As the control section 10 receives signals which are outputted from the voltage discrimination circuit 20 to indicate that the image forming apparatus is in connection with a power source in the 100 V category, it controls the switches Sa, Sb, Sc and Sd in the same manner as the control section 10 in the first embodiment does (FIG. 11(A)). Thus, the upstream two heat generation resistors 6a and 6b are connected in parallel, and so are the downstream two heat generation resistors 6c and 6d. Further, the combination of the upstream heat generation resistors 6a and 6b, and the combination of the downstream heat generation resistors 6c and 6d, are connected in parallel. Consequently, all four heat generation resistors 6a, 6b, 6c and 6d become connected in parallel.

Thus, the overall amount of electrical resistance of the combination of the upstream two heat generation resistors 6a and 6b is 15Ω, and the overall amount of electrical resistance of the combination of the downstream two heat generation resistors 6c and 6d is 22.5Ω. Further, the overall amount of electrical resistance of the combination of the four heat generation resistors 6a, 6b, 6c and 6d is 9Ω. Since R1=R2, the amount of current which flows through each of the upstream two heat generation resistors 6a and 6b becomes I1/2. Similarly, since R3=R4, the amount of current which flows through each of the downstream two heat generation resistors 6c and 6d becomes I2/2.

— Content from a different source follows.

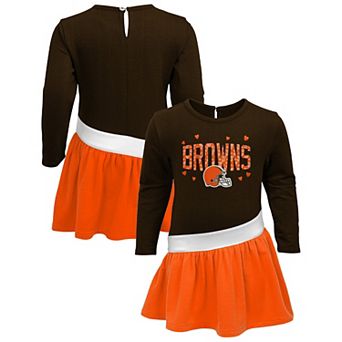 Girls Infant Brown/Orange Cleveland Browns Heart to Heart Jersey Tri-Blend Dress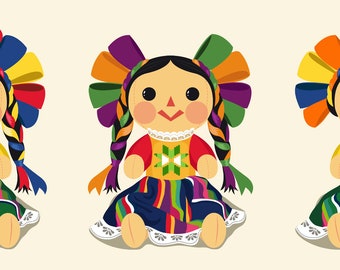 Mexikanisches Puppen-Vektor-Set – Ideal zum Bedrucken von T-Shirts, Tragetaschen, Tassen und mehr! | ClipArt | SVG-Datei | PNG | EPS | Adobe Illustrator | Bearbeitbare Datei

Supposing here that the combination of the heat generation resistors 6a and 6b is a single upstream heat generation resistor, and also, that the combination of the heat generation resistors 6c and 6d is a single downstream heat generation resistor, the ratio in terms of the amount of electrical resistance between the upstream heat generation resistor (combination of heat generation resistors 6a and 6b) and the downstream heat generation resistor (combination of heat generation resistors 6c and 6d) is: R1/2:R3/2=1:1.5. Since the upstream heat generation resistor (combination of heat generation resistors 6a and 6b) and downstream heat generation resistor (combination of heat generation resistors 6c and 6d) are connected in parallel, and are the same in the amount of current supplied thereto. Therefore, the ratio in the amount of heat generation between the upstream and downstream heat generation resistors is 1.5:1 (which is the same as ratio in first embodiment).

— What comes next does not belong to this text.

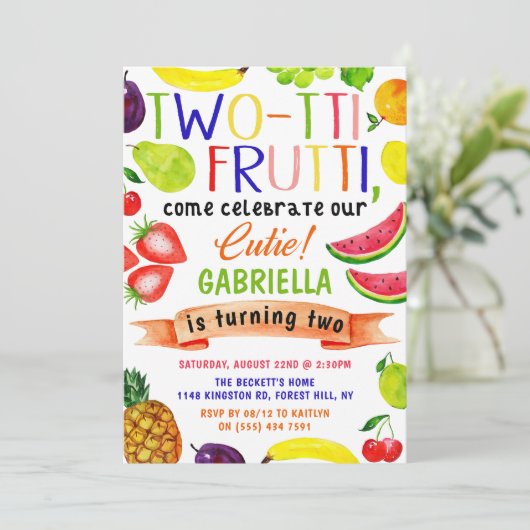 Tweetti Frutti 2e verjaardag Uitnodigingen (Staand voorkant)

As the control section 10 receives signals which are outputted from the voltage discrimination circuit 20 to indicate that the image forming apparatus is in connection with a power source which is in the 200 V category, it controls the switches Sa, Sb, Sc and Sd in the same manner as the control section 10 in the first embodiment does (FIG. 11(B)). Consequently, the upstream heat generation resistors 6a and 6b become serially connected, and so are the downstream heat generation resistors 6c and 6d. Further, the combination of the upstream two heat generation resistors 6a and 6b, and the combination of the downstream two heat generation resistors 6c and 6d, are connected in parallel, as they are when the power source is in the 100 V category.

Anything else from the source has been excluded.